# What this task involves:
Without including any pictures, write out all the entries exactly.

[Scraped caption text data]

····················

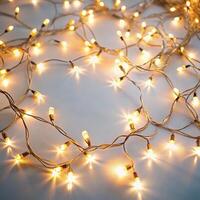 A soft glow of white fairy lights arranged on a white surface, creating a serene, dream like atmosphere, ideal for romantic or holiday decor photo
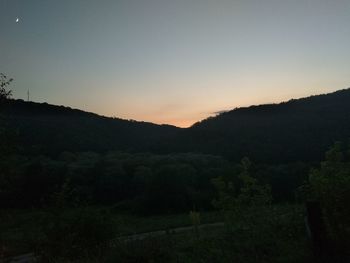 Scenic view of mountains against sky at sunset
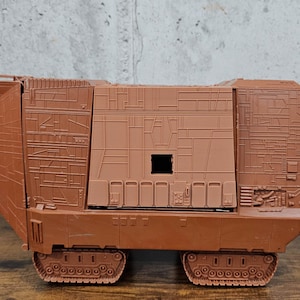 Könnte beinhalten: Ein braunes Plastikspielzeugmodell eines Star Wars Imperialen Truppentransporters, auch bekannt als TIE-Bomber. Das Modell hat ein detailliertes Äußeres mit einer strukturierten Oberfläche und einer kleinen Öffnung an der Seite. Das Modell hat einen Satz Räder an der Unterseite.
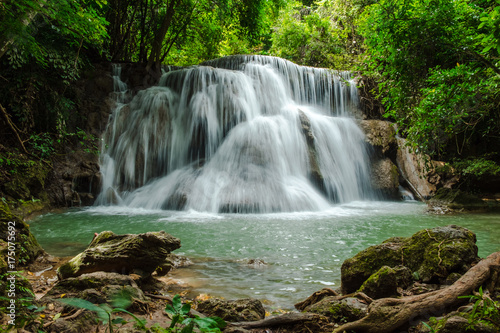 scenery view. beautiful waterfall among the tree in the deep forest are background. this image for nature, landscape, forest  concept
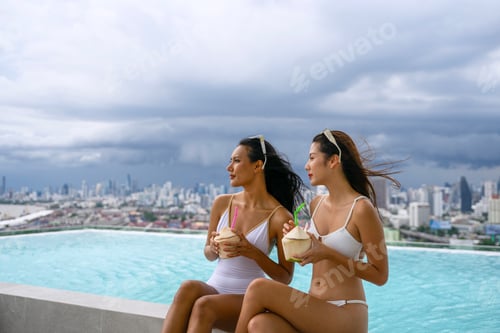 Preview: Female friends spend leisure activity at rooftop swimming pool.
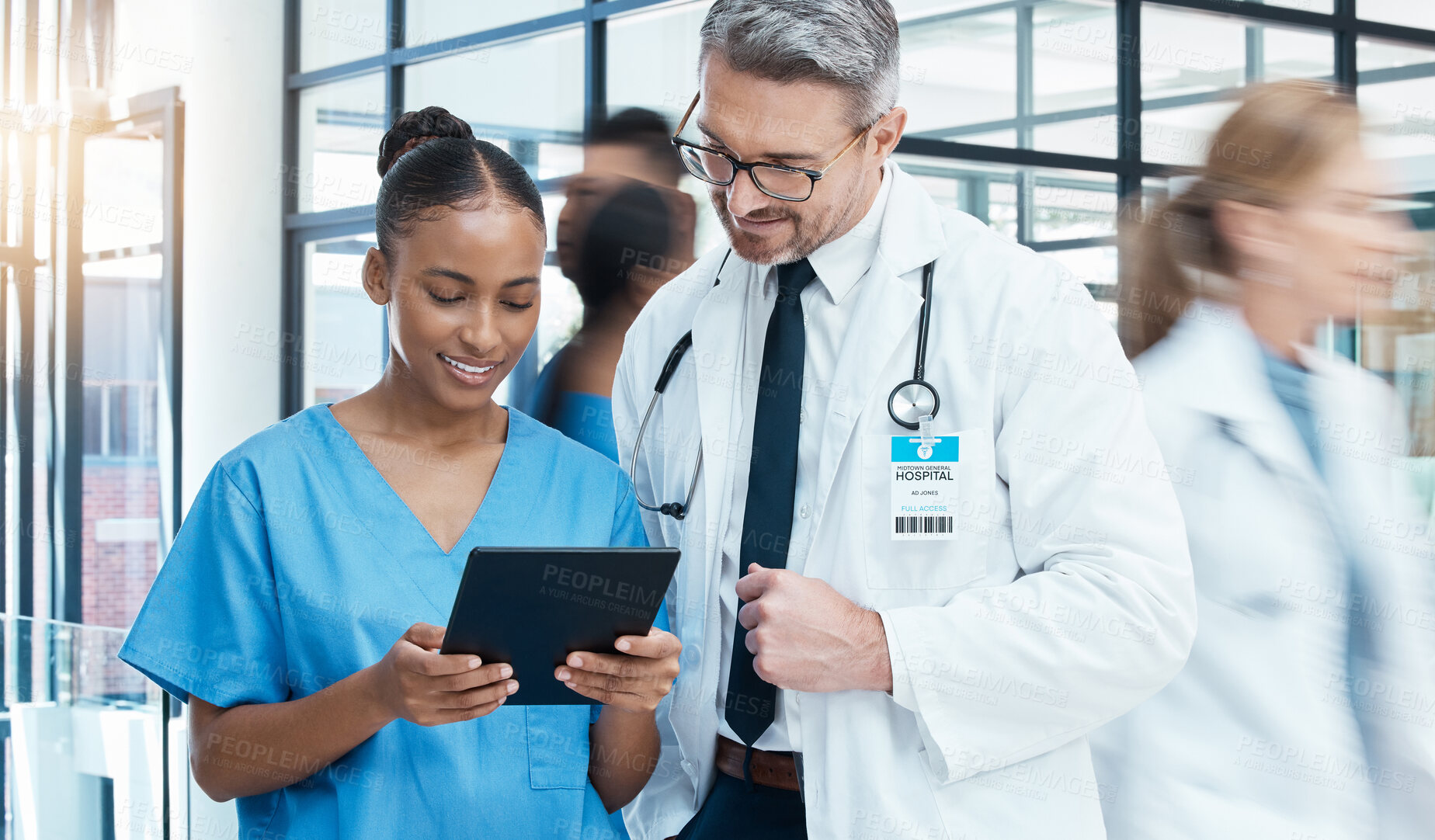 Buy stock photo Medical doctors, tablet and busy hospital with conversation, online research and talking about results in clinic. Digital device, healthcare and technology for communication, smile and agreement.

····················

# Your solution:
 A soft glow of white fairy lights arranged on a white surface, creating a serene, dream like atmosphere, ideal for romantic or holiday decor photo
 Scenic view of mountains against sky at sunset
 Könnte beinhalten: Ein braunes Plastikspielzeugmodell eines Star Wars Imperialen Truppentransporters, auch bekannt als TIE-Bomber. Das Modell hat ein detailliertes Äußeres mit einer strukturierten Oberfläche und einer kleinen Öffnung an der Seite. Das Modell hat einen Satz Räder an der Unterseite.
 scenery view. beautiful waterfall among the tree in the deep forest are background. this image for nature, landscape, forest  concept
 Preview: Female friends spend leisure activity at rooftop swimming pool.
 Buy stock photo Medical doctors, tablet and busy hospital with conversation, online research and talking about results in clinic. Digital device, healthcare and technology for communication, smile and agreement.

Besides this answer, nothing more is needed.